Nato a Lagos nel 1940, è figlio di un meccanico che non vuole diventi musicista. Ma il diciottenne Tony, dopo aver trovato lavoro come tecnico radiofonico, inizia a suonare i legnetti e poi la batteria in una band locale. L’incontro con Fela Kuti porta alla luce il gruppo Koola Lobitos, che unisce musica africana occidentale (highlife) e jazz, rinominato Africa 70 dopo un viaggio negli Stati Uniti alla scoperta del funk di James Brown e delle Pentere Nere, le quali infiammano il messaggio politico di Fela, ma ne determinano anche diversi arresti e guai con le forze dell’ordine.

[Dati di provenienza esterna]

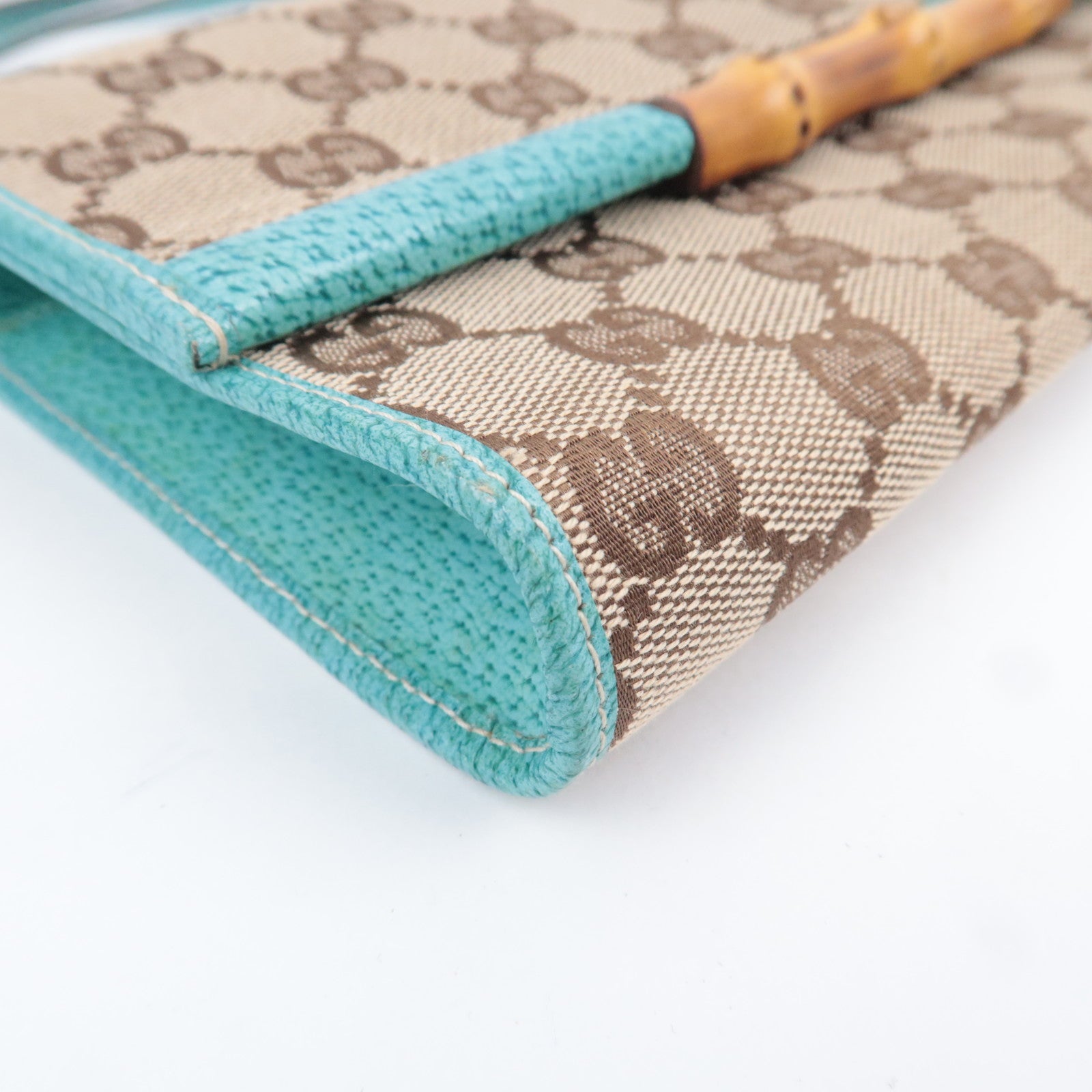 GUCCI Bamboo GG Canvas Shoulder Bag Beige Turquoise 117594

Sul finire degli anni Sessanta, il promoter ghanese Raymond Aziz trova il nome per definire l’ibrido musicale di highlife, jazz e funk nei suoni di Fela Kuti e Tony Allen: afrobeat. L’idillio artistico con Fela dura quindici anni, fino al 1978, il tempo di pubblicare quasi quaranta album e influenzare future generazioni di musicisti in tutto il mondo. I contrasti con Fela, sia per il caos ideologico e organizzativo di quest’ultimo sia per il bisogno di Allen di non restare sempre nelle retrovie, lo spingono a formare altre band afrobeat, tra cui gli Afro Messengers, e poi alla carriera solista.
Nel 1984 lascia Lagos per Londra, dove non riesce a ottenere il permesso di soggiorno, e l’anno successivo si trasferisce a Parigi, che invece lo accoglie a braccia aperte fino alla fine dei suoi giorni. Il passaggio tra gli anni Ottanta e Novanta, tuttavia, è un periodo molto difficile per lui. Complice il crescente utilizzo di batterie elettroniche nelle produzioni musicali a scapito di batteristi in carne e ossa, e soprattutto per via di quattro anni di dipendenza dall’eroina da cui, con esemplare forza d’animo, ne esce in una sola settimana.
“La verità è che Tony riusciva a tenere il tempo meglio di qualsiasi drum machine”, spiega a The Wire il suo collaboratore Michael Veal, co-autore dell’autobiografia “Tony Allen: master drummer of afrobeat” pubblicata nel 2013. Come riporta sul New York Times Martin Perna, un altro suo collaboratore e musicista negli Antibalas, “Allen era la personificazione del ritmo. Riusciva a essere più ipnotico lui con tutte quelle variazioni rispetto a un pattern che non cambia mai”.
La morte di Fela nel 1997 e la contestuale rinascita dell’afrobeat come genere musicale di grande interesse segnano gli ultimi venticinque anni di successi di Tony Allen, tra centinaia di concerti e progetti collettivi all’insegna della contaminazione di stili e tradizioni. Dagli artisti africani come il sopracitato Hugh Masekela, Ebo Taylor e Manu Dibango ai produttori elettronici Jeff Mills, Moritz von Oswald, Carl Craig e Jimi Tenor, fino alle collaborazioni più pop con Sebastien Tellier, Charlotte Gainsbourg e Grace Jones.
Il 30 aprile ci ha lasciato un mito della musica, non l’unico di questi tempi ma forse il meno visibile, certamente il meno rumoroso. “Per tutta la vita – scrive Veal – è stato il suo groove potente ma flessibile a mantenere la sua visione chiara, il suo spirito forte e il suo cuore costante, ogni volta che si reinventava. Quel ritmo continuerà inevitabilmente a mettere radici in tutti i continenti del mondo, anche se si è spento nelle mani del maestro”.